Things that I have tried:

  • Increasing MTU from 1500 to 9000 (no effect)
  • Increasing txqueuelen from 1000 to 11000 (no effect)
  • Limiting the number of peers that can connect (no effect)
  • Virtualization (no effect)
  • Removing port forwarding. This seems to work, although it beats the purpose of the app and makes it considerably slower.

At this point I have two theories:

1) Either the gateway is acting funny (cannot check).
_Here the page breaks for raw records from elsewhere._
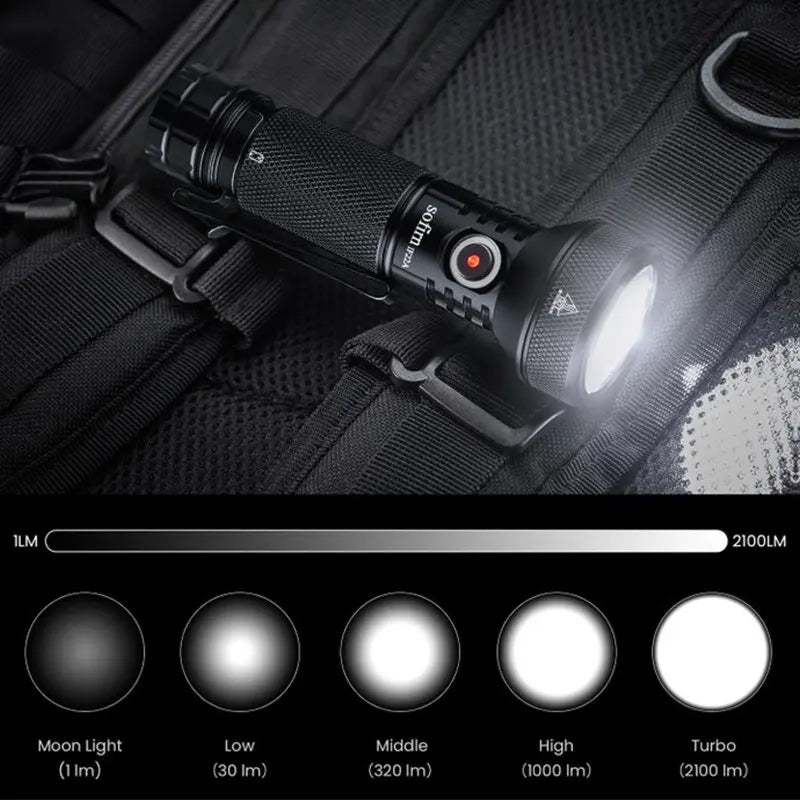 Sofirn IF22A 2100lm Flashlight 21700 Powerful Light SFT40 LED 629M Long Range USB C Rechargeable Charging  Throw Torch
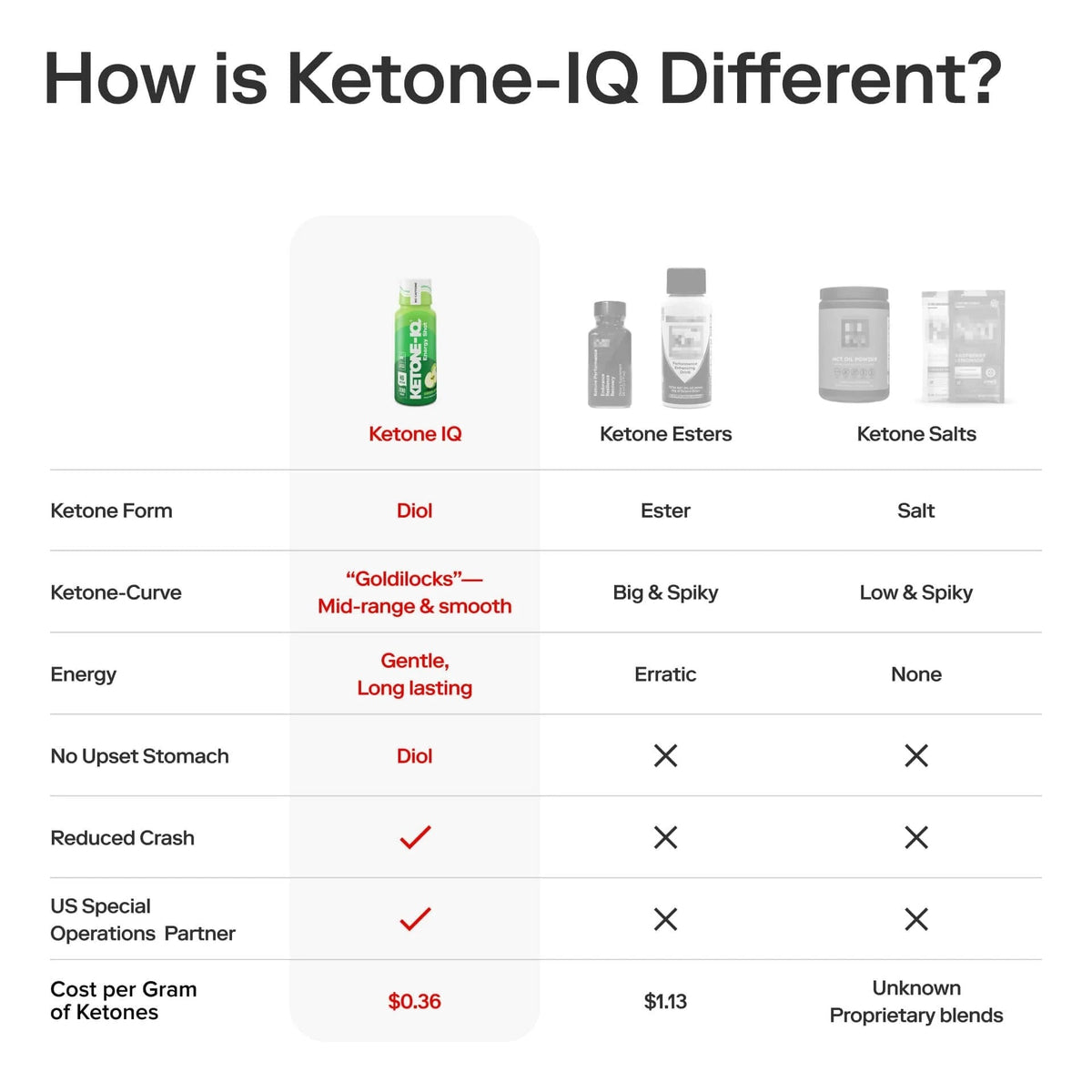 Ketone-IQ No Caffeine High Performance Energy Shot (Green Apple)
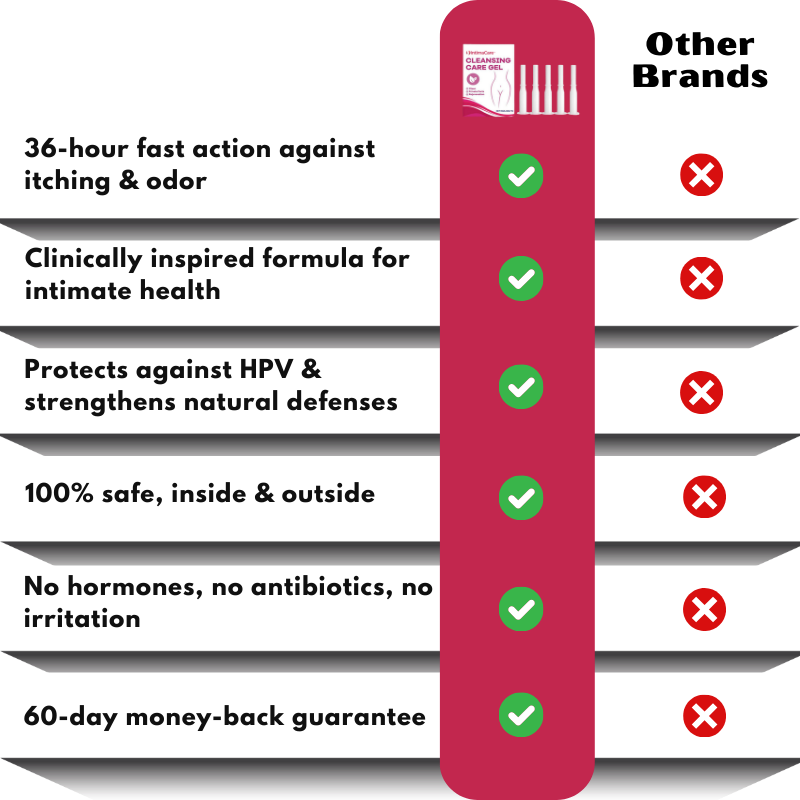 IntimaCare™ | Highly effective HPV Defense Protection Gel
I discard this because other devices in the network run OK, both in local connections and outside connections 2) Or some kind of memory buffer is choking, but don't know which.
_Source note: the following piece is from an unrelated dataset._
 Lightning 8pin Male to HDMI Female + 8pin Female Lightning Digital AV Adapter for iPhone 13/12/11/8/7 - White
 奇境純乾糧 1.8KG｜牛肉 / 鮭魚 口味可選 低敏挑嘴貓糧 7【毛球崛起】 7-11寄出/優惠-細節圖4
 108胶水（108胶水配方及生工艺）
I 'd appreciate inspiration!

  • Which network card do you have? Feel free to add it to the question so that everybody sees that right away. – Eduardo Trápani Jan 27 '20 at 13:38
  • This could be spanning tree convergence. Did you check all of the spanning tree settings on the relevant ports? Also, does the gateway inspect content? – Spencer Jan 27 '20 at 16:58
  • Hi @EduardoTrápani , I added the requested information to the post. – Rafael Rodríguez Jan 28 '20 at 06:16
  • Hi @Spencer , the used hardware is of residential type, so these settings are limited - no spanning tree. In any case, there are not redundant links in the network. The gateway does not inspect content to my knowledge. – Rafael Rodríguez Jan 28 '20 at 06:21

2 Answers2

0

For that card you could try booting with this kernel parameter. This explains how to do it:

pcie_aspm=off

Another way is using ethtool. For example:

sudo ethtool -G eth0 rx 256 tx 256

That comes from here.

Eduardo Trápani
  • 1,140
  • 6
  • 10
0

After more debugging of all the elements in the network I found that although the effects in other devices are much less noticeable, they are indeed being affected by the traffic jam, so this leads me to think that the issue lies within the router/switch, which is probably choking to keep with the demand of the P2P application, maybe because of NAT translations. I will try to get more advanced hardware to solve this.